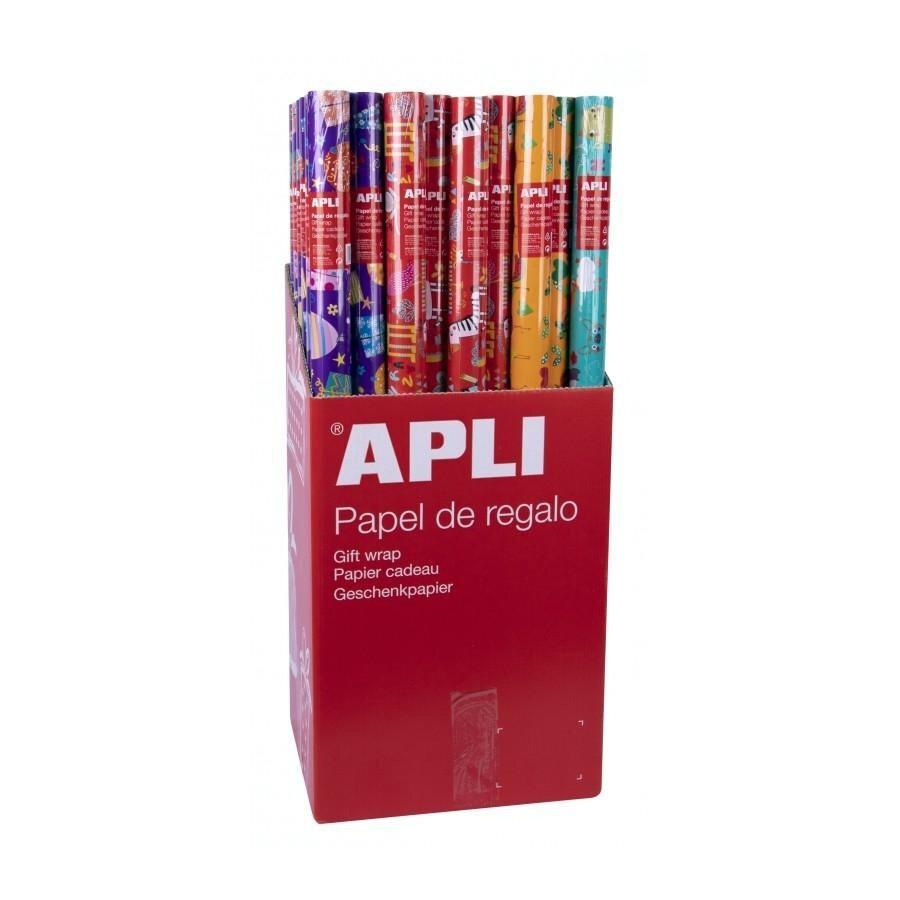 APLI PAPEL DE REGALO INFANTIL 2X0,7 MTS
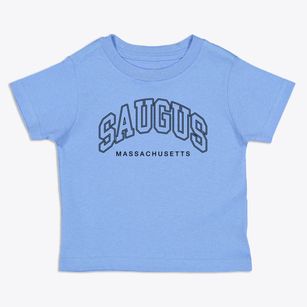 Saugus Massachusetts Inline Toddler T-Shirt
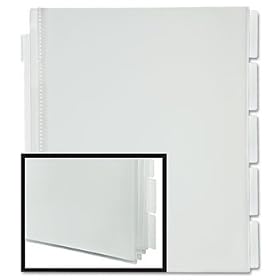 IOrganize FiveTab Display Book Letter Clear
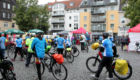 Radtour für Organspende 2024 am Uniklinikum Gießen und Marburg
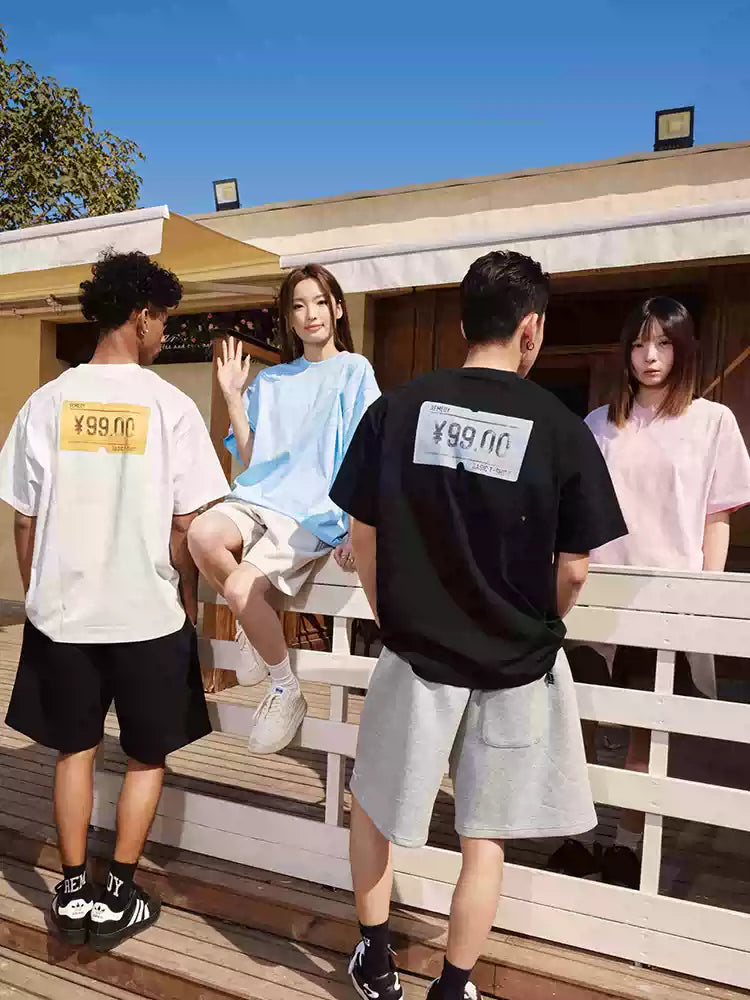 Remedy Price Sticker Print Cool Touch Tee | Face 3 Face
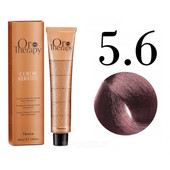 ORO Therapy Color Keratin 5.6 светлый шатен красный 100 мл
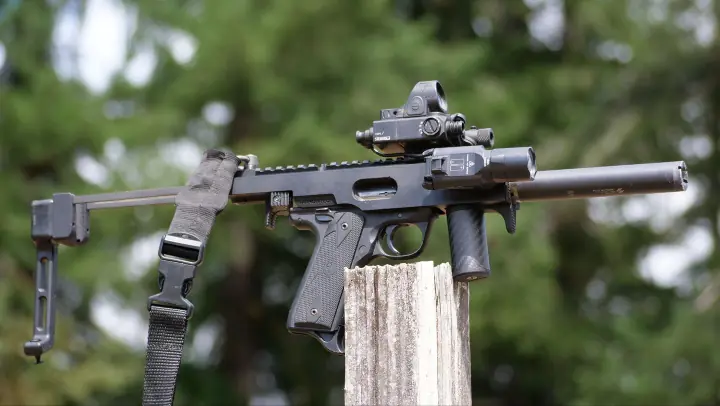 the rimfire report the farrowtech ruger mark iv 22r pdw kit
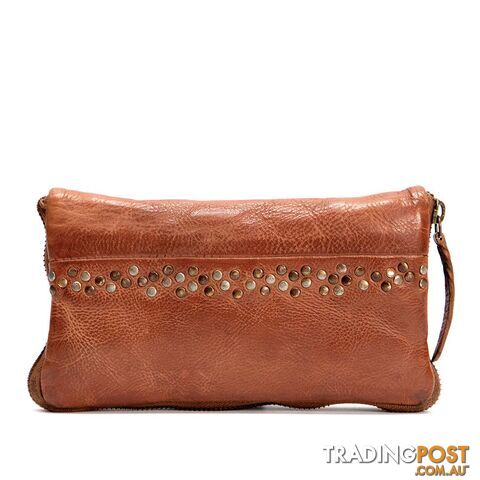 MAHSON & CO Beyond The City Wallet Tan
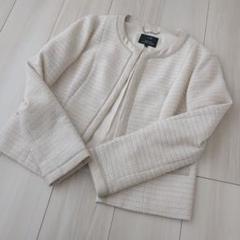 2025 SS 23区　ツイードノーカラージャケット GIOLICA ノーカラー ツイード ジャケット / 23区 | ファッション
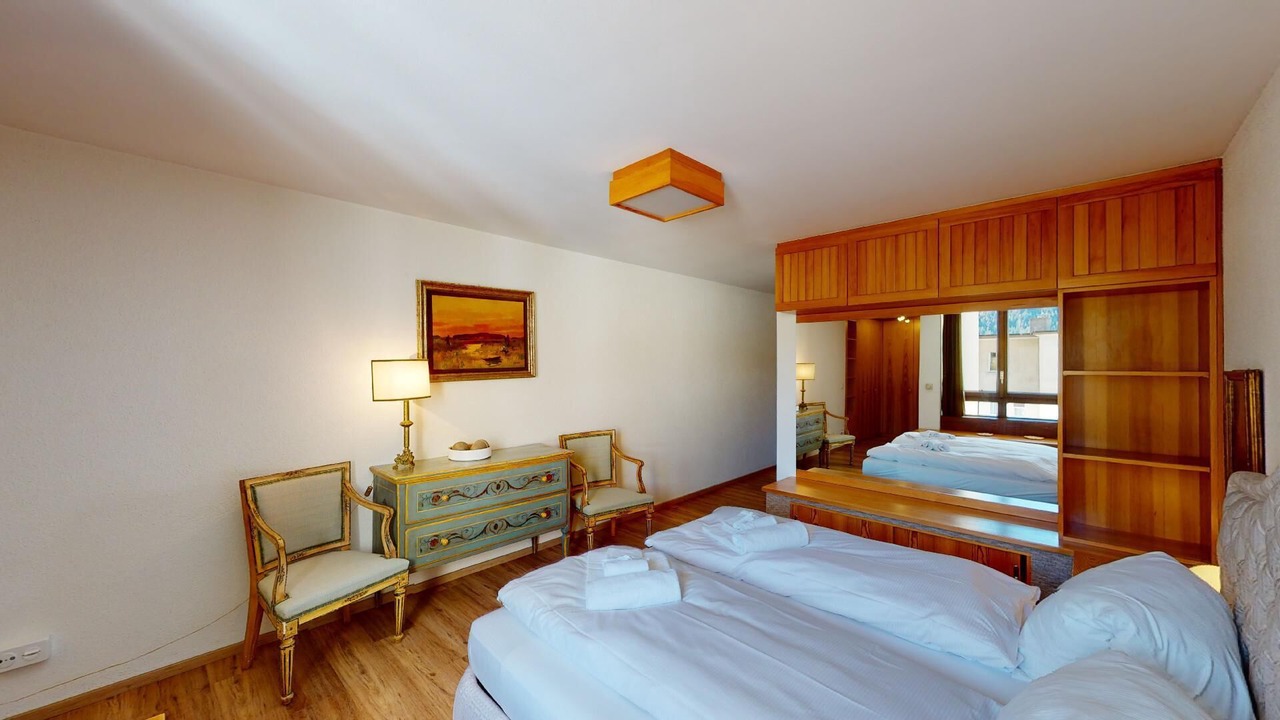 Photo of Bedroom in St. Moritz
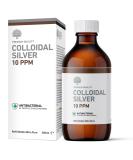 Buy Enhanced Colloidal Silver 10 ppm - 300ml Amber Glass | International Shipping Available - Buy Online on GoSupps.com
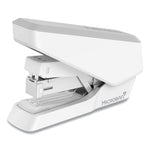 LX860 EasyPress Half Strip Stapler with Antimicrobial Protection, 40 Sheet Capacity, Gray/White
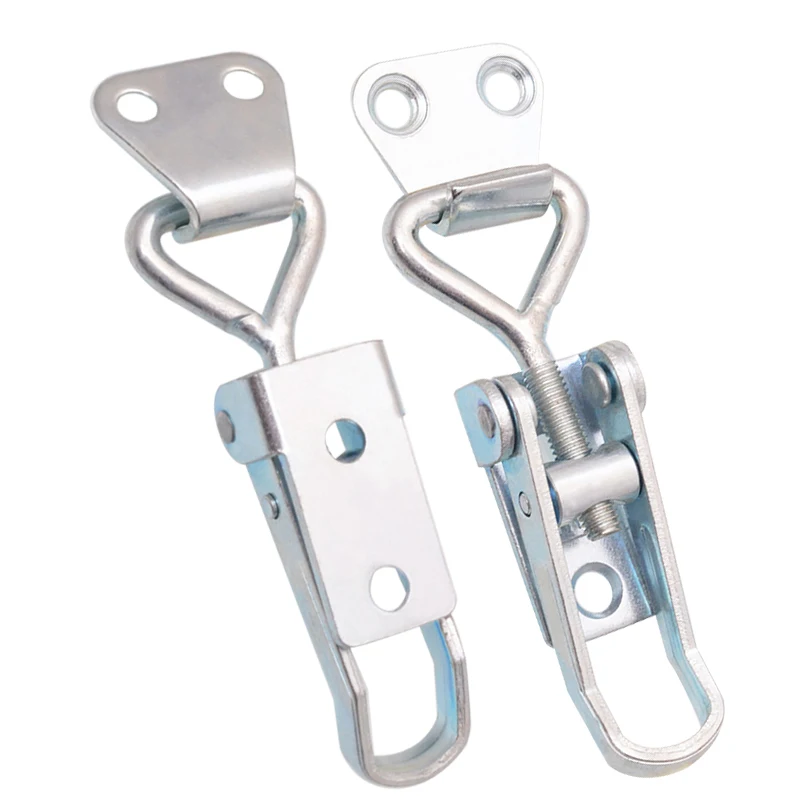 2 шт. синяя оцинкованная регулируемая застёжка тогл с монтажными отверстиями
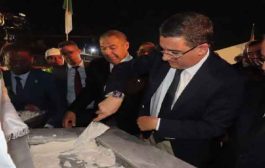 وزير الصحة يدشن مشروع إنجاز مركز استشفائي جامعي بورڨلة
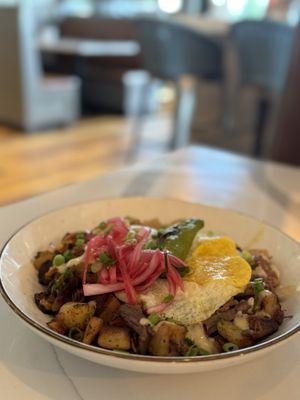 Shishito Brisket Hash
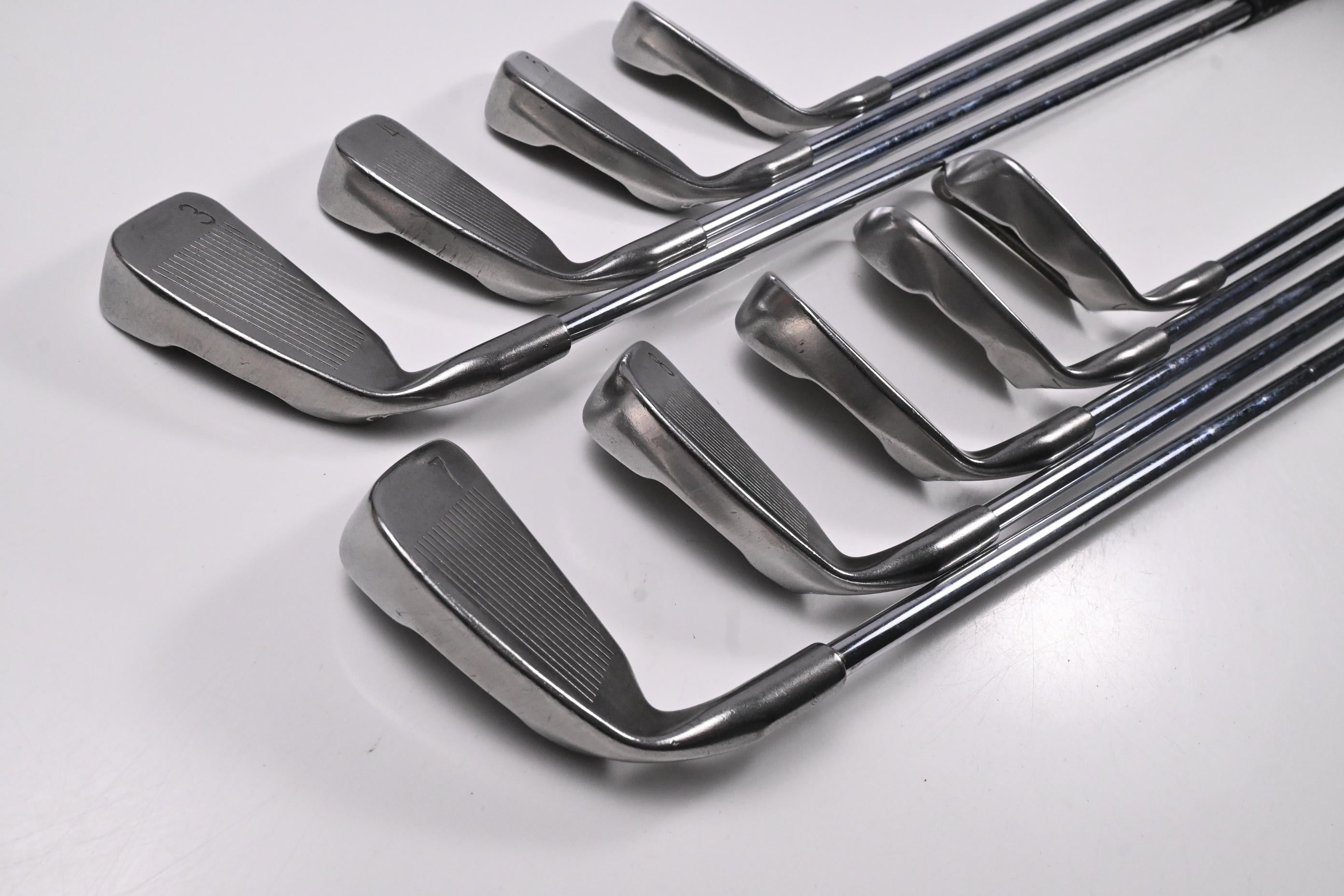 Ping Zing 2 Irons / 3-PW+SW / White Dot / Stiff Flex Ping Karsten Steel Shafts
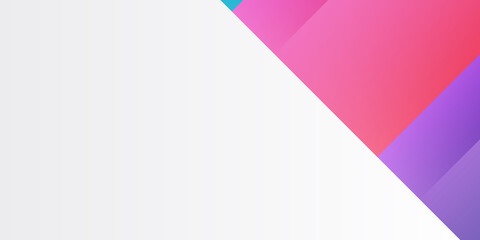 Colorful abstract stripe background with three colors combination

==============================

## Your instructions:
The result should be a verbatim copy of the data, free of pictures.

## Response below:
 APLI PAPEL DE REGALO INFANTIL 2X0,7 MTS
 Saugus Massachusetts Inline Toddler T-Shirt
 IOrganize FiveTab Display Book Letter Clear
 Radtour für Organspende 2024 am Uniklinikum Gießen und Marburg
 Remedy Price Sticker Print Cool Touch Tee | Face 3 Face
 ORO Therapy Color Keratin 5.6 светлый шатен красный 100 мл
 the rimfire report the farrowtech ruger mark iv 22r pdw kit
 MAHSON & CO Beyond The City Wallet Tan
 2025 SS 23区　ツイードノーカラージャケット GIOLICA ノーカラー ツイード ジャケット / 23区 | ファッション
 Photo of Bedroom in St. Moritz
 Buy Enhanced Colloidal Silver 10 ppm - 300ml Amber Glass | International Shipping Available - Buy Online on GoSupps.com
 LX860 EasyPress Half Strip Stapler with Antimicrobial Protection, 40 Sheet Capacity, Gray/White
 2 шт. синяя оцинкованная регулируемая застёжка тогл с монтажными отверстиями
 وزير الصحة يدشن مشروع إنجاز مركز استشفائي جامعي بورڨلة
 Shishito Brisket Hash
 Ping Zing 2 Irons / 3-PW+SW / White Dot / Stiff Flex Ping Karsten Steel Shafts
 Colorful abstract stripe background with three colors combination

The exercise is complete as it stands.